Bataclan Aftermath: First Photo Of Paris Attack Aftermath Inside Bataclan Theater Released [Photo]

Days after the tragic Paris attack, remnants of sorrow still remain. Following the release of footage detailing the moment jihadists opened fire on Eagles Of Death Metal concertgoers inside the Bataclan theater on the evening of Friday, November 13, photos have also been released. According to the Daily Mail, photos of the bloodied Bataclan theater aftermath have emerged. It has been reported that the photo, which captures the interior of the concert hall, was taken shortly after the attack took place. In the photo, several lifeless bodies can be seen lying in pools of blood and debris.

The Bataclan shooting and aftermath was only part of the ISIS-orchestrated massacre that took place. The horrific shooting, which left 129 dead and 352 injured, is reportedly the worst act of violence seen in France since the Second World War. In addition to the Bataclan theater shooting, groups of jihadists also left a number of bars, clubs, and the Stade de France football stadium riddled with bullets and lifeless bodies.

Warning: Photo contains graphic content that may be offensive to some viewers.

Several survivors have shared chilling accounts of the series of events that unfolded. Inside the Bataclan theater alone, approximately 30 people were fatally wounded during the chaos, which consisted of gunfire and one suicide bombing. One witness revealed four assailants entered the concert hall with AK-47 assault rifles. In French, they briefly explained the reason behind the attack. The deadly attack went on for approximately 10 minutes.
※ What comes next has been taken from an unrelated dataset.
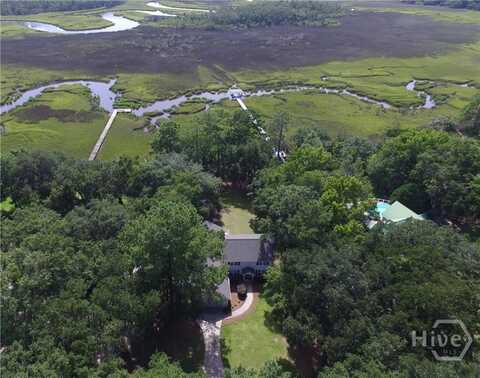 411 Tivoli Marsh Road, Richmond Hill, GA 31324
” ‘What you are doing in Syria, you are going to pay for it now.’ Another cried: ‘This is for Syria.’ Then, aiming their weapons, they issued short bursts of fire, killing two or three people at a time. Survivors would speak later of the terror, of people crawling on top of each other, covering their heads, whispering prayers. For ten minutes, the gunmen slowly picked off their victims as they lay face-down, deliberately pausing for a minute every so often, raising the already appalling sense of dread. They shot, recharged their guns, and shot again.”
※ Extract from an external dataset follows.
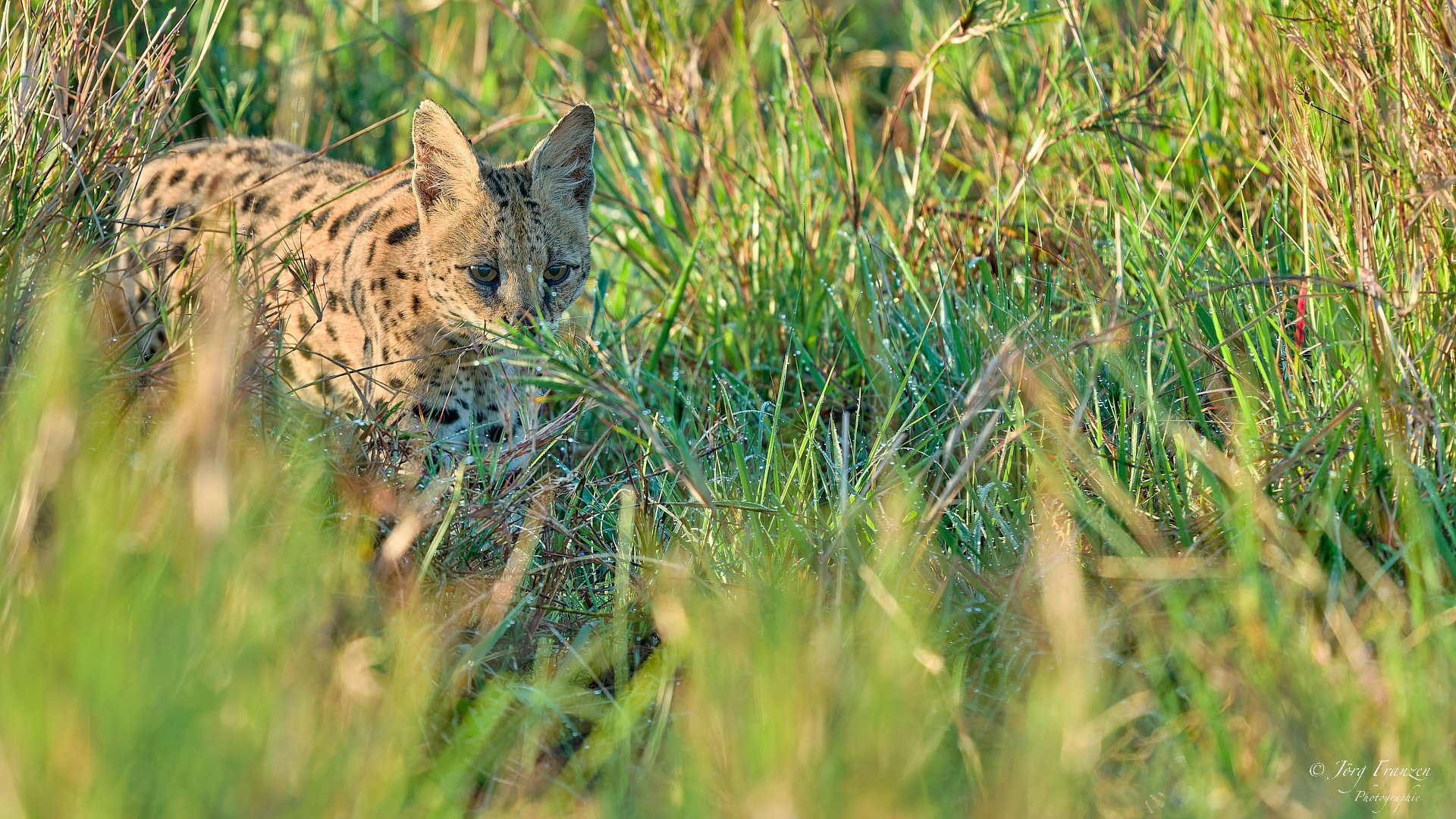 Serval im Frühtau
Pierre Janaszak, a French radio personality, was also at the Bataclan theater at the time of the shooting. Like many who have recounted the Paris shooting and Bataclan aftermath, Janaszak also cited that the eerily calm shooters fired relentlessly until lifeless bodies and pools of blood were everywhere. He also voiced his disapproval of President François Hollande’s decision to allow Syrian refugees into France under the refugee resettlement network.

“They didn’t stop firing. There was blood everywhere, corpses everywhere. Everyone was trying to flee… I clearly heard them say ‘It’s the fault of Hollande, it’s the fault of your president, he should not have intervened in Syria.’ “

Although Syrian refugees have not been accused of being involved in the shooting, the refugee debate stems from reports revealing how suicide bomber Ahmed Almuhamed was able to enter France. It has been reported that he and other bombers entered France with fake Syrian passports under the guise of refugees.

PARIS, FRANCE - NOVEMBER 13: Policemen patrol the streets during gunfire near the Bataclan concert hall on November 13, 2015 in Paris, France. Gunfire and explosions in multiple locations erupted in the French capital with early casualty reports indicating at least 60 dead. (Photo by Antoine Antoniol/Getty Images)

The alleged oversight has reportedly sparked outrage internationally as an influx of Syrian refugees have been relocated to many different parts of the world, including the United States. Shortly after the tragedy occurred, Louisiana Governor Bobby Jindal made headlines when he addressed the Obama administration, accusing them of keeping Americans in the dark about the Syrian refugees being housed in the United States. The Bataclan aftermath has caught the attention of many social media users who find the entire incident quite disturbing.